#### EXERCISE DATA ####

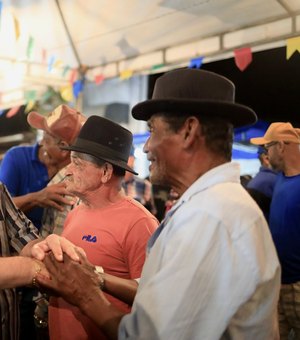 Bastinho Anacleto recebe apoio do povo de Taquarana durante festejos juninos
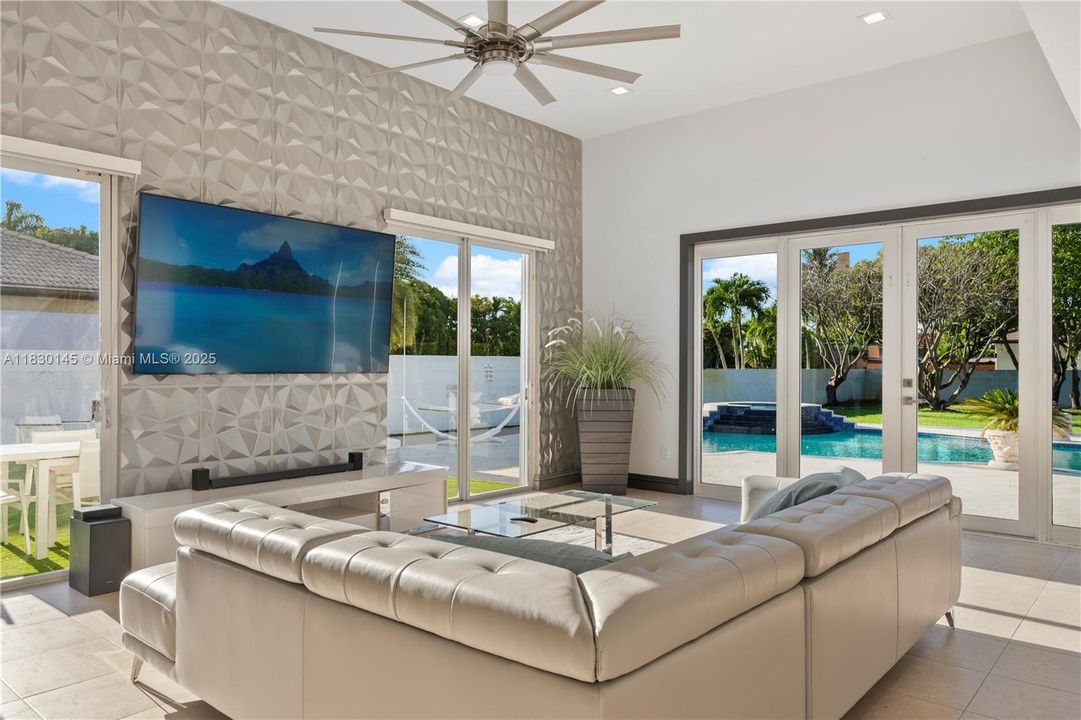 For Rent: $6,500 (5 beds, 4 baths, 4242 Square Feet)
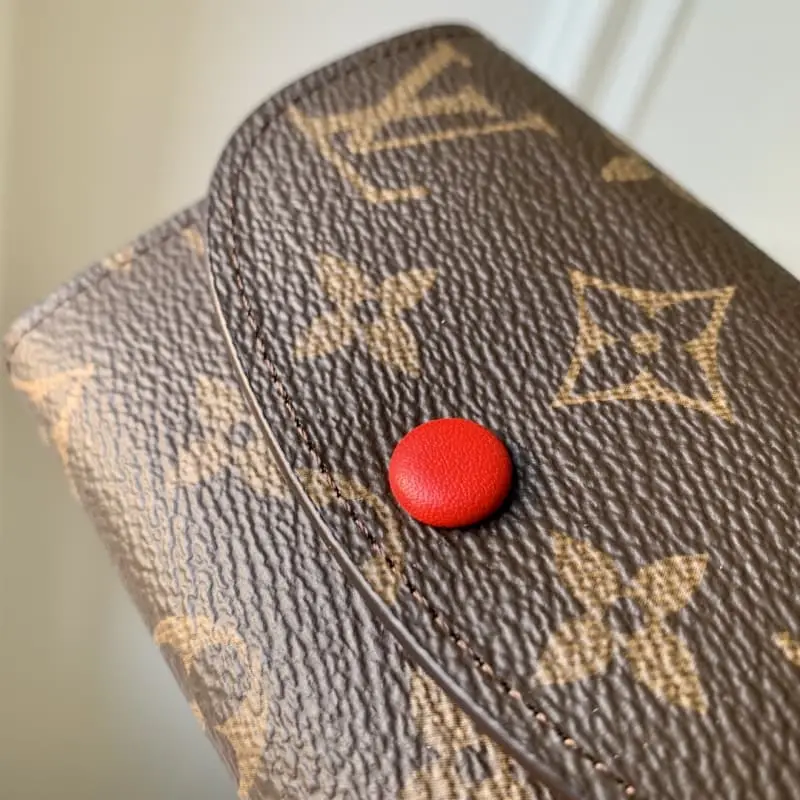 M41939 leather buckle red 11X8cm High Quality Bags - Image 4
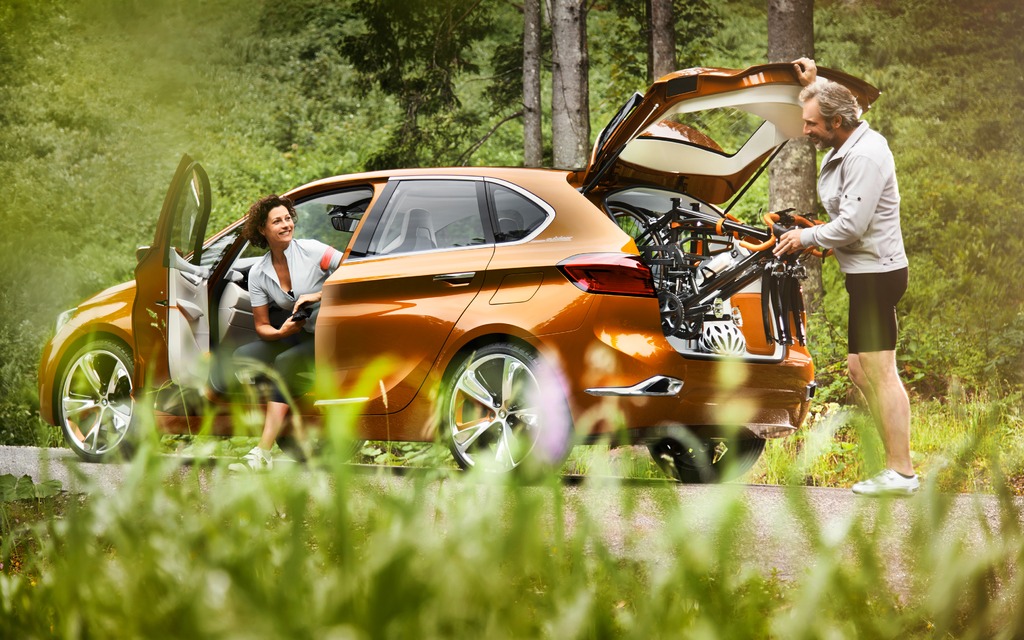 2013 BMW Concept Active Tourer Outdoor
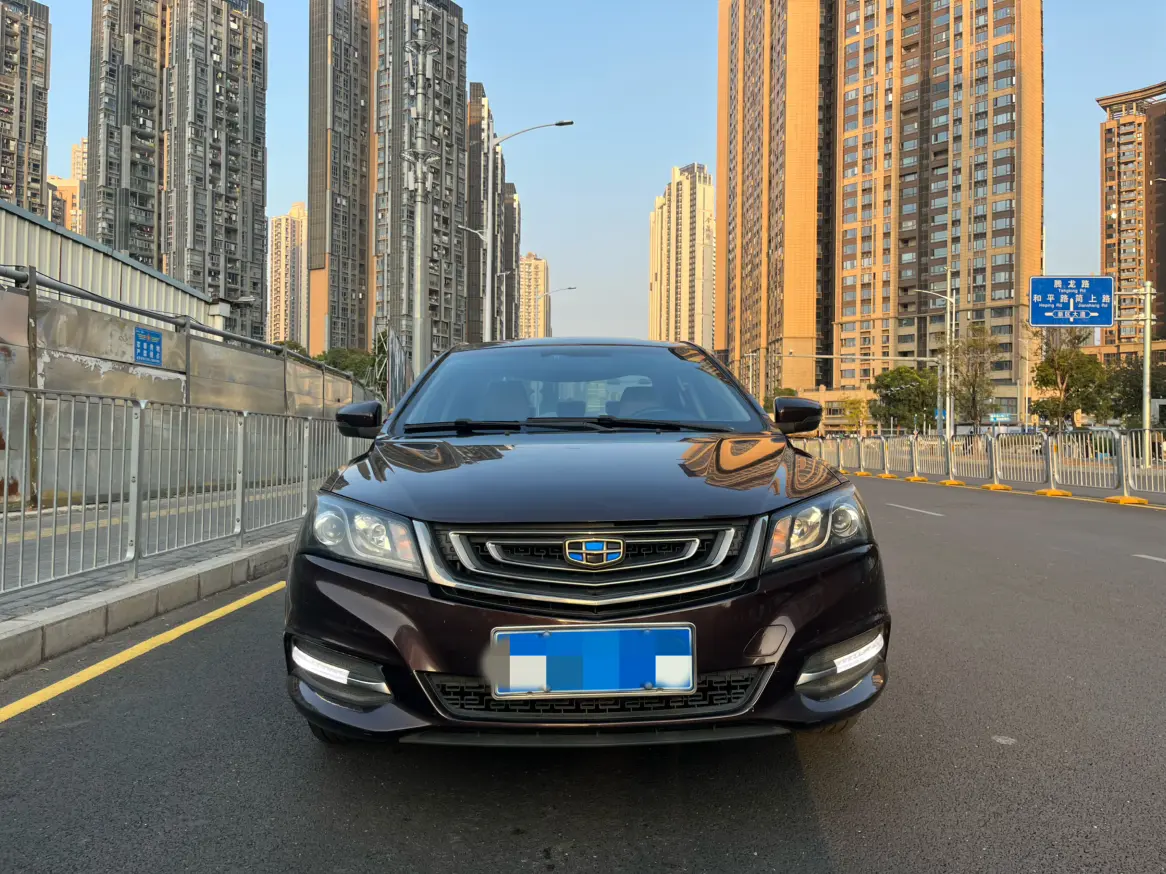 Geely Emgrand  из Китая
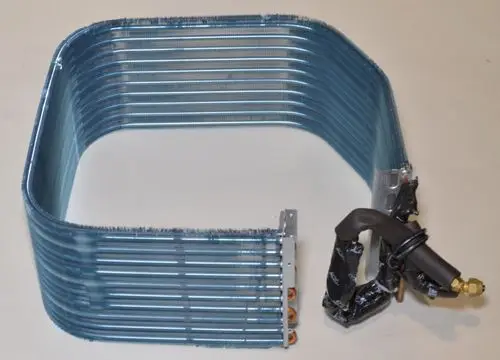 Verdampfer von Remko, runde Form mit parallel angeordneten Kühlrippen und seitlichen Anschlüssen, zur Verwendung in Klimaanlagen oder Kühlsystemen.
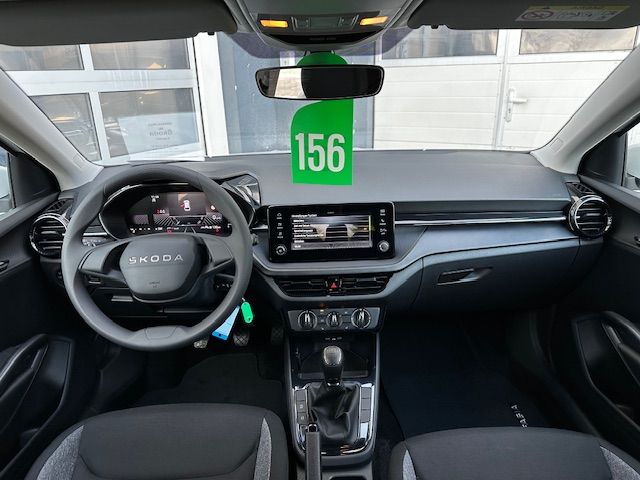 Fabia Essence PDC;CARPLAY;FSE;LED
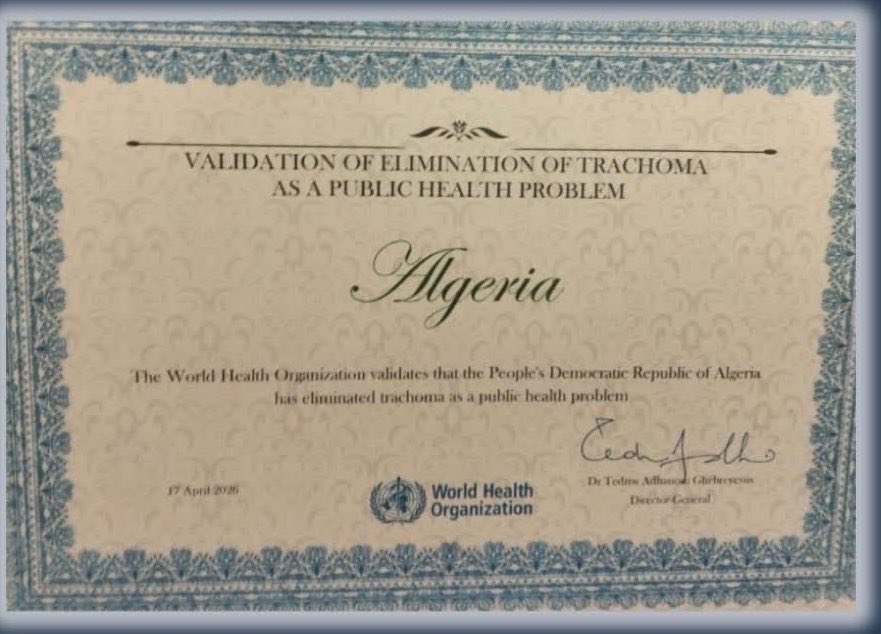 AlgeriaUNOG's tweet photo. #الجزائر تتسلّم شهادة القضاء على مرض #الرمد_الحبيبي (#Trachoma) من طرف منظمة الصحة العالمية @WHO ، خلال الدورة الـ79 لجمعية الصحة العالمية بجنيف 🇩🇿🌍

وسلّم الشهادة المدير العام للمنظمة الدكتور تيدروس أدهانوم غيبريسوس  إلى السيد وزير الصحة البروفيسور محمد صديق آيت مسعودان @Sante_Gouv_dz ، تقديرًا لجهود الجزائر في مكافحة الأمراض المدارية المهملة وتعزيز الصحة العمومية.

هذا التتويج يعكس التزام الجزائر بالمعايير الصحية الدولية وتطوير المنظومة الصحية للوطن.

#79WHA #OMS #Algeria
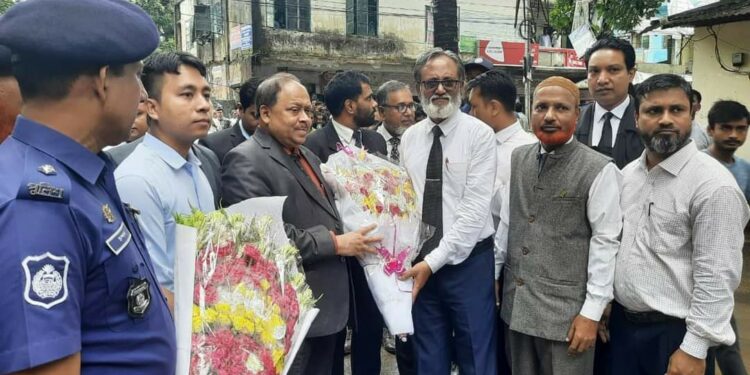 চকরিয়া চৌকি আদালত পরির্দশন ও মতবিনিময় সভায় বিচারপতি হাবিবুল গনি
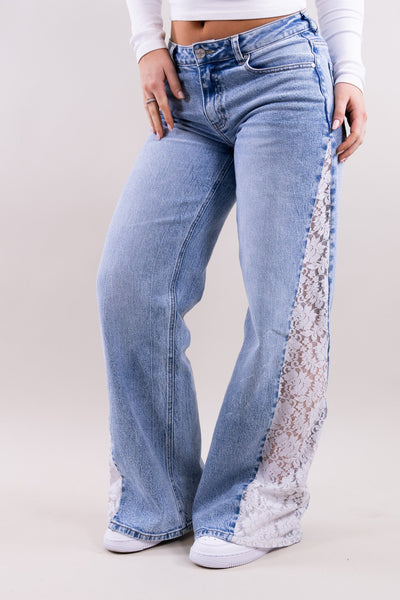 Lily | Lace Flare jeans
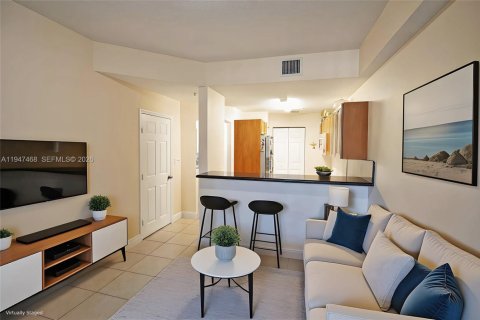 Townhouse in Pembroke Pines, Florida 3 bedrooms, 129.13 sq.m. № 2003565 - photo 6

####

What are the lines, exactly as written above, from the line with "وسلّم الشهادة المدير" to the line with "#79WHA #OMS #Algeria", both included? Output only those.

وسلّم الشهادة المدير العام للمنظمة الدكتور تيدروس أدهانوم غيبريسوس  إلى السيد وزير الصحة البروفيسور محمد صديق آيت مسعودان @Sante_Gouv_dz ، تقديرًا لجهود الجزائر في مكافحة الأمراض المدارية المهملة وتعزيز الصحة العمومية.

هذا التتويج يعكس التزام الجزائر بالمعايير الصحية الدولية وتطوير المنظومة الصحية للوطن.

#79WHA #OMS #Algeria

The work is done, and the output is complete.